Pictures with short captions
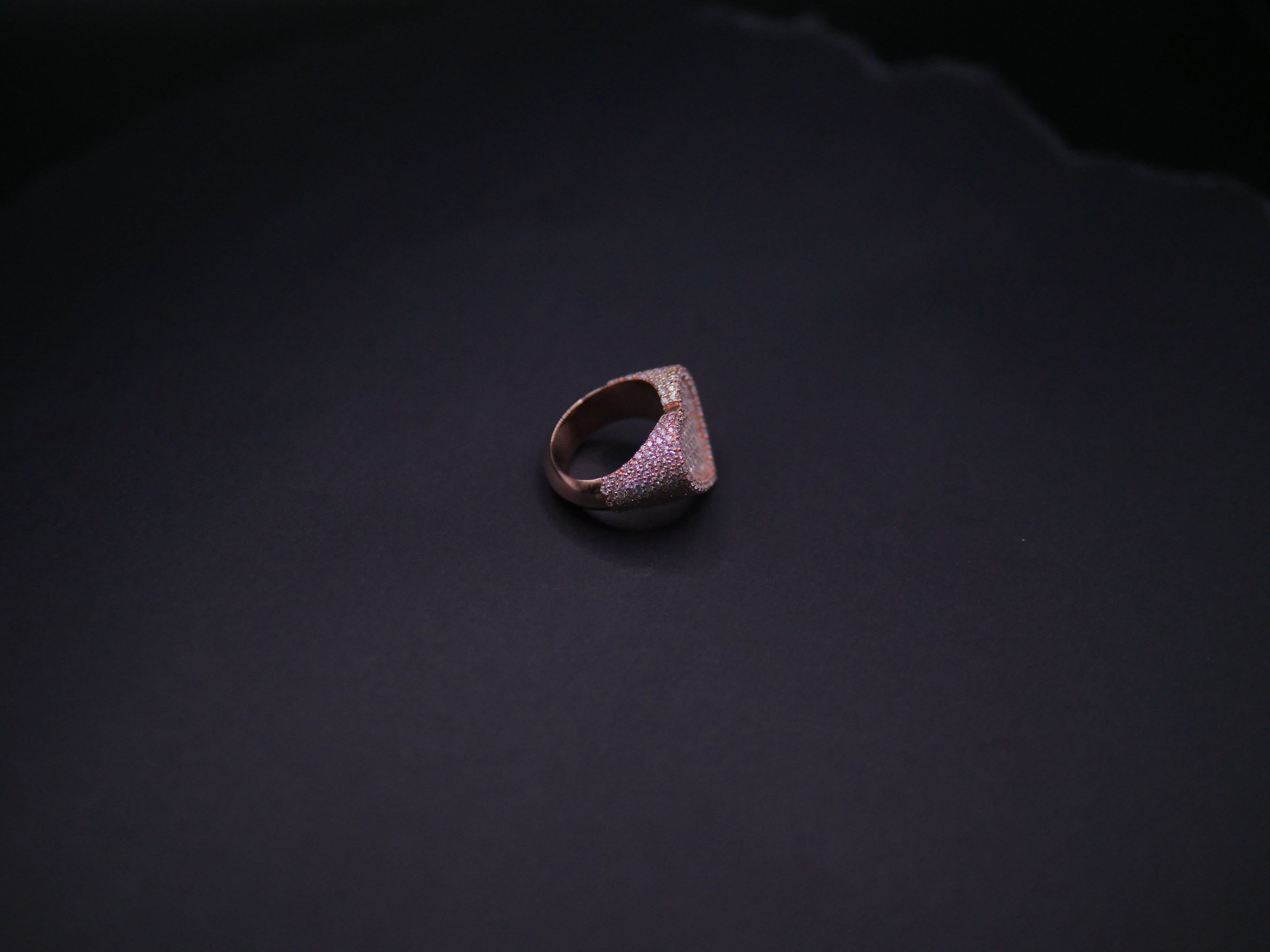 Rose Gold Pavé Heart Signet Ring Fully Iced In White CZ Stones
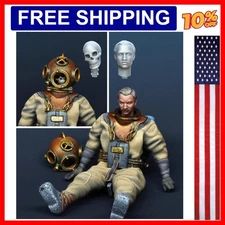 1/35 Scale Die-Cast Resin Figure Model Kit WWII German Diver with 2 Heads Una...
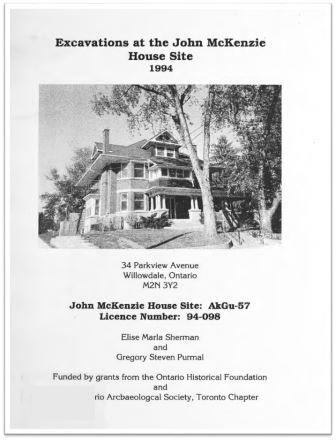 1994 Excavations at John McKenzie House Site Cover
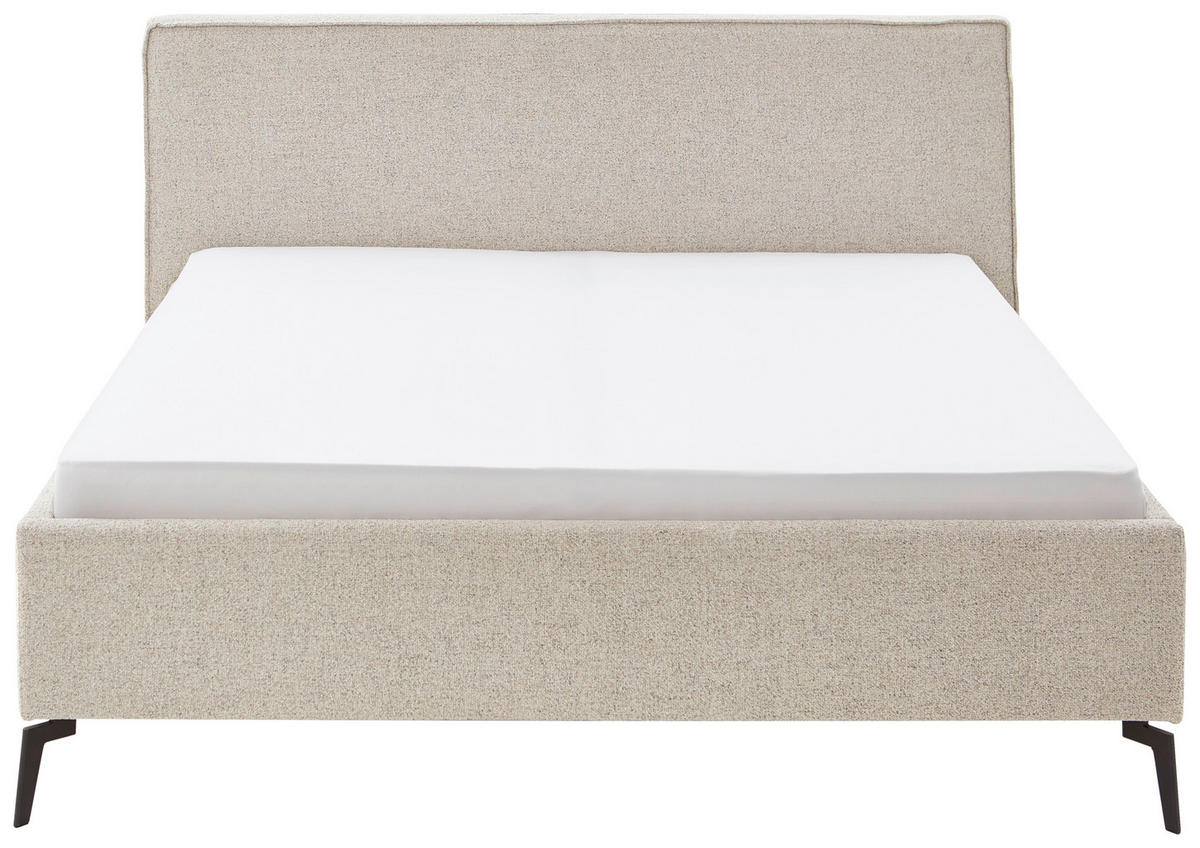 POLSTERBETT 180/200 cm,  in  - Beige/Schwarz, Design, Textil/Metall (180/200cm) - home24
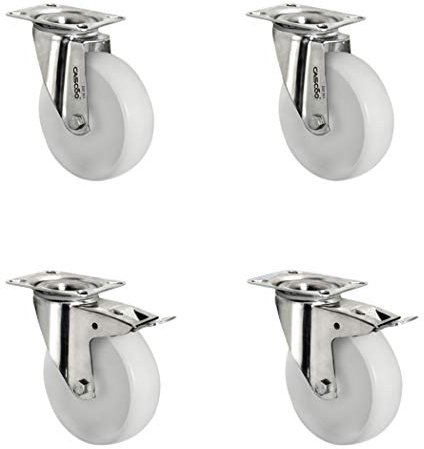 CASCOO SETSITI080N0N0L0N Rollensatz 2 Lenkrollen-, 2 mit Feststeller, Polyamid, Edelstahl, Durchmesser 80 mm, Transportrollen, Gleitlager, INOX, Traglast 390 kg (4-er Pack)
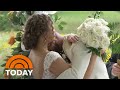 Overwhelmed groom sobs uncontrollably after kissing his bride
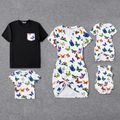 Family Matching Allover Butterfly Print Twist Knot Bodycon Dresses and Short-sleeve T-shirts Sets Multi-color image 1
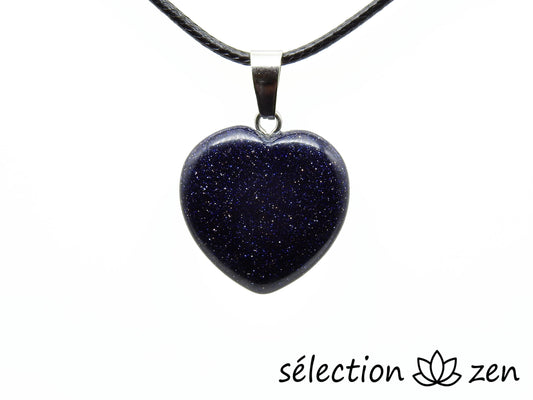 pendentif coeur 2cm pierre de sable bleu selection zen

▸ **EXERCISE**
Copy out the entries verbatim and leave the images out.

▸ **WRITTEN SOLUTION**
 Rose Gold Pavé Heart Signet Ring Fully Iced In White CZ Stones
 1/35 Scale Die-Cast Resin Figure Model Kit WWII German Diver with 2 Heads Una...
 1994 Excavations at John McKenzie House Site Cover
 POLSTERBETT 180/200 cm,  in  - Beige/Schwarz, Design, Textil/Metall (180/200cm) - home24
 CASCOO SETSITI080N0N0L0N Rollensatz 2 Lenkrollen-, 2 mit Feststeller, Polyamid, Edelstahl, Durchmesser 80 mm, Transportrollen, Gleitlager, INOX, Traglast 390 kg (4-er Pack)
 Overwhelmed groom sobs uncontrollably after kissing his bride
 Family Matching Allover Butterfly Print Twist Knot Bodycon Dresses and Short-sleeve T-shirts Sets Multi-color image 1
 pendentif coeur 2cm pierre de sable bleu selection zen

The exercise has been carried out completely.